As a specific example of the fundamental restructuring needed to address the aforementioned grand challenge, consider the current paradigm for conducting and evaluating statistical inferences. Statisticians are trained to regard their mathematical models as approximations to a true underlying reality. Consequently, these models are typically not designed to capture the journey from data collection to data analysis. This is very problematic because such journeys necessarily involve judgments and data preprocessing from other teams. If the assumptions made and procedures used in this preprocessing phase are incompatible with those used in the final analysis (so-called “uncongeniality” in the literature of statistical analysis), then the current statistical framework is ineffective, or, at worst, entirely inapplicable. In particular, standard notions such as estimation consistency and unbiasedness become misguided mathematical idealizations. They are misguided because they do not take into account the fact that even if every team in this sequence has reached the perfect answer given their available information and resources, the lack of mutual knowledge can still make the final output significantly inferior to that possible using all the information available to every team. Yet it is clear that we still can and should have a theoretical foundation for comparing different methods in such environments. In mathematical terms, we need to reformulate our criteria by taking into account additional practical constraints and then seek the most effective methods, instead of comparing methods using a criterion that none can ever satisfy. A general statistical framework for this purpose is now being built. This development can greatly benefit from the input and perspectives of the data curation community, which has a much better understanding of the practical constraints and goals involved in these collaborative research settings.

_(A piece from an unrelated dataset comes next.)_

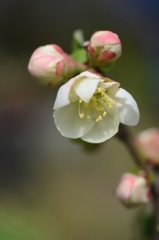 花ボケ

Conversely, approaches to data curation would benefit greatly from the involvement of statisticians. Scientists and librarians alike often rely on general principles of future utility to base decisions on what to select and on what to keep, rather than on analyses of the actual trends in data or on demonstrated utility. As a concrete example, at the Center for Embedded Networked Sensing, a five-university NSF Science and Technology Center based at UCLA, the involvement of a statistician (Mark Hansen, a suggested Seminar attendee) midway through the Center’s lifespan radically changed the course of data collection and data curation. Scientists changed their data collection, storage, and retrieval methods, and involved their information science partners in developing better data curation and management methods.

In a nutshell, Radcliffe Exploratory Seminar provides an ideal forum for intense interdisciplinary exchanges on emerging challenges that truly require collaborations from multiple disciplines in order to make meaningful headways. As far as we are aware, if funded, this would be the first workshop that brings leading computer scientists, information scientists, natural scientists, and statisticians under one roof to address some of most intellectually stimulating and practically challenging problems of the information age.